[Data excerpt Boundary: Start]

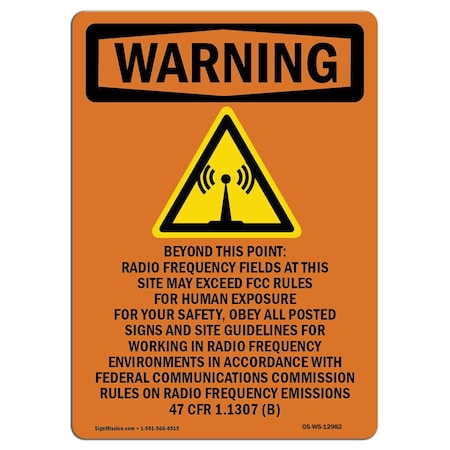 Signmission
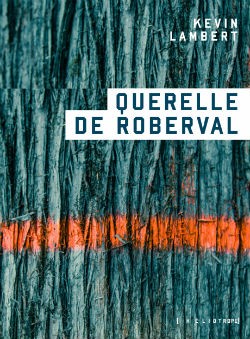 Querelle de Roberval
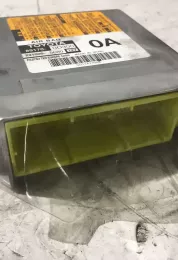C011431688 блок управління airbag (srs) Toyota Yaris 2015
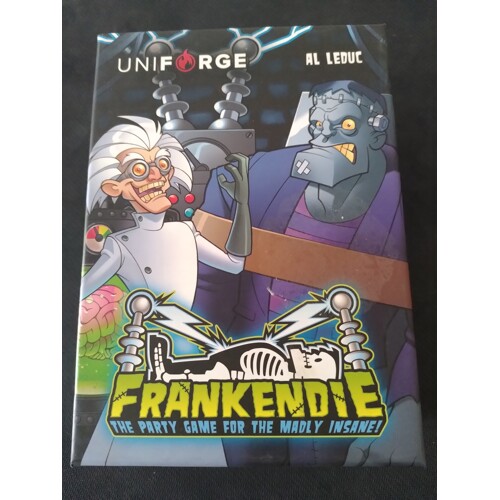 FrankenDie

[Data excerpt Boundary: End]

**Your goal:** Skip all pictures. Then give again, exactly, each line from the line holding "Querelle de Roberval" through the last line of the listing above, both ends included.

**Answer to the problem:**
 Querelle de Roberval
C011431688 блок управління airbag (srs) Toyota Yaris 2015
 FrankenDie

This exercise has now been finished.